The Key To Security: Sharing?
Two top-ranking antiterrorism officials have said that the U.S. government is getting better at sharing information among various agencies tasked with protecting the nation against terrorism, but IT can help drive more improvements.
Two federal officials told a crowd of about 450 people consisting of federal, state and local workers who deal with domestic security issues that the U.S. government has improved its information-sharing capabilities since Sept. 11. “We’re not there yet; we’re getting there,” said Donna Bucella, director of the FBI’s Terrorist Screening Center, as reported by InterGovWorld.com. “I want to prove the naysayers wrong. I want to prove government can work together.”
Bucella and Daniel Ostergaard, executive director of the Homeland Security Advisory Council in the U.S. Department of Homeland Security (DHS), both touched on IT during their speeches at the fourth annual Government Symposium on Information Sharing and Homeland Security in New Orleans.
Ostergaard said that better sharing of information among government agencies is key to preventing further terrorist attacks on the U.S. “Either stop it before it happens, or you’re cleaning it up afterwards,” he added. “I’m focused on stopping it before it happens…it’s only a matter of time before the bad guys get the code to a nuke (nuclear bomb). A weapon of mass destruction going off in downtown New Orleans, or New York or Washington, D.C., is not an option,” he said.
Ostergaard spoke about examples of IT systems that can be used to better protect the US’s critical infrastructure, which includes Internet-based control systems for water treatment plants.
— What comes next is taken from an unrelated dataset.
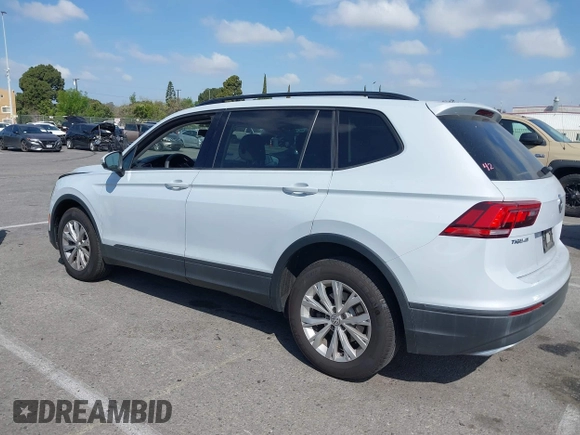 2019 Volkswagen Tiguan S z VIN 3VV1B7AX0KM062437, wystawiony jako IAAI lot #41906720 z przebiegiem 45 157 mil mil oraz . Historia ofert i sprzedaży dostępna na DreamBid. Obrazek 14.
He said that workers in many water treatment plants can check the status of on/off valves with Web-based programs, and more pieces of the critical infrastructure need systems that can pinpoint problems and quickly find ways to work around them.
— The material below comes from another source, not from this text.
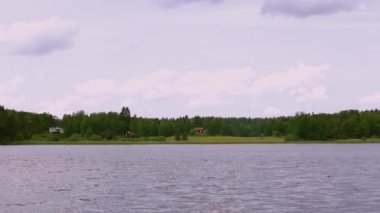 Yaz gününde gölde gün batımının muhteşem manzarası. Göl ve gökyüzü ufukta birleşiyor.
According to InterGovWorld.com, the U.S. government has defined 17 national systems – including the electrical grid, food system and water supply – as part of the nation’s critical infrastructure, and Ostergaard advocated more use of automated systems to protect those systems.
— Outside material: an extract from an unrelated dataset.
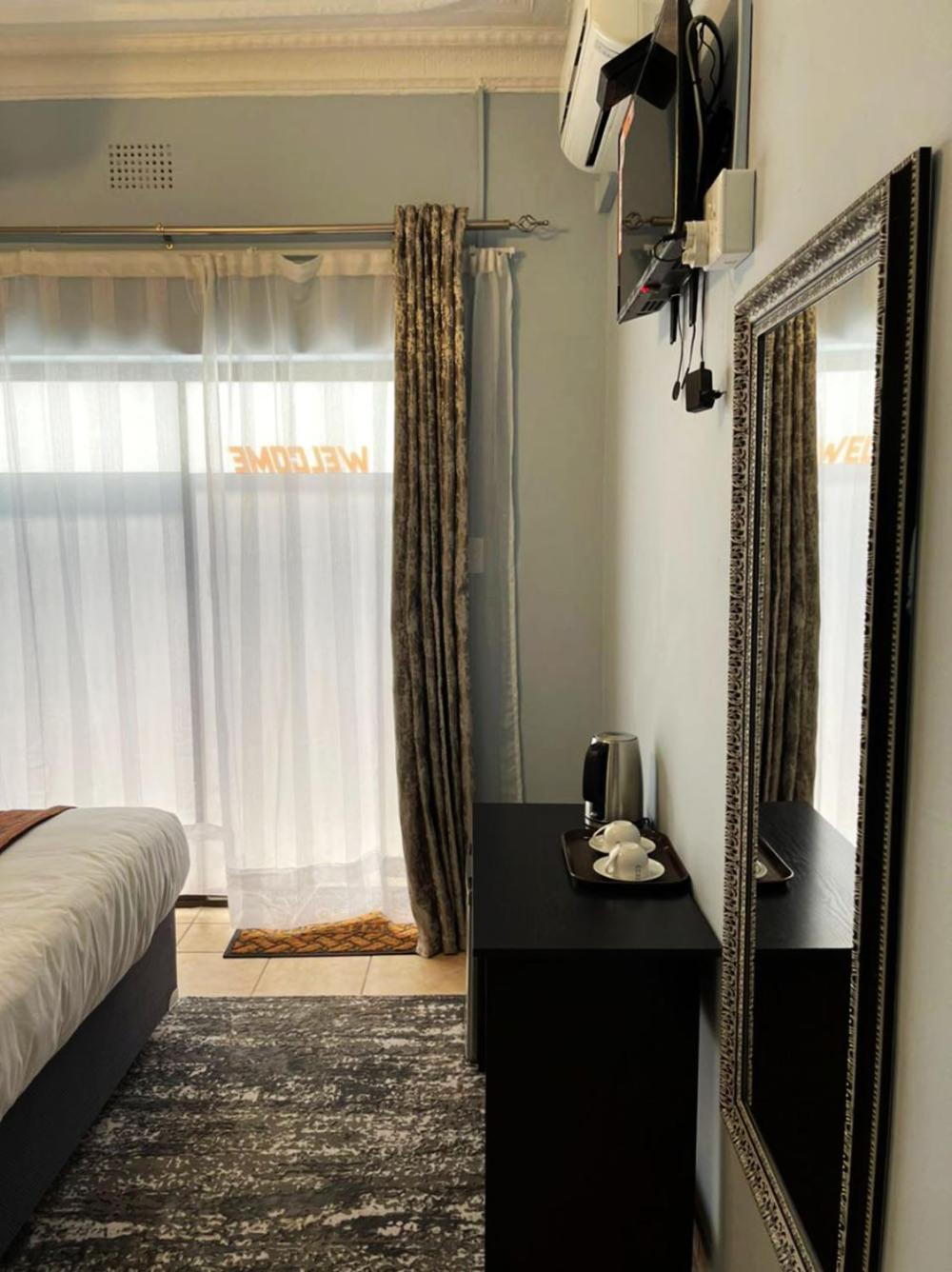La-Nuel Guest Lodge Boksburg Buitenkant foto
“We need a system that’s self-aware, resilient, self-restorative and protects the critical infrastructure,” he said. “If something does happen, it has to be self-restorative.”
In addition to some aging critical infrastructure, DHS faces a number of other challenges to the sharing of information, Ostergaard said. He pointed out that as government agencies try to move away from tightly guarding information, there’s also the potential of sharing too much information and flooding local police and other workers with too much data, he said. “It’s like wrapping your mouth around a fire hydrant and turning it on,” he said.
Bucella also noted some challenges. When asked about her center’s IT needs, she noted its budget — about $29 million a year — is small. “It costs money,” she said. “I didn’t realize, and I don’t think anybody realized, when we got into this, how much the IT development costs.”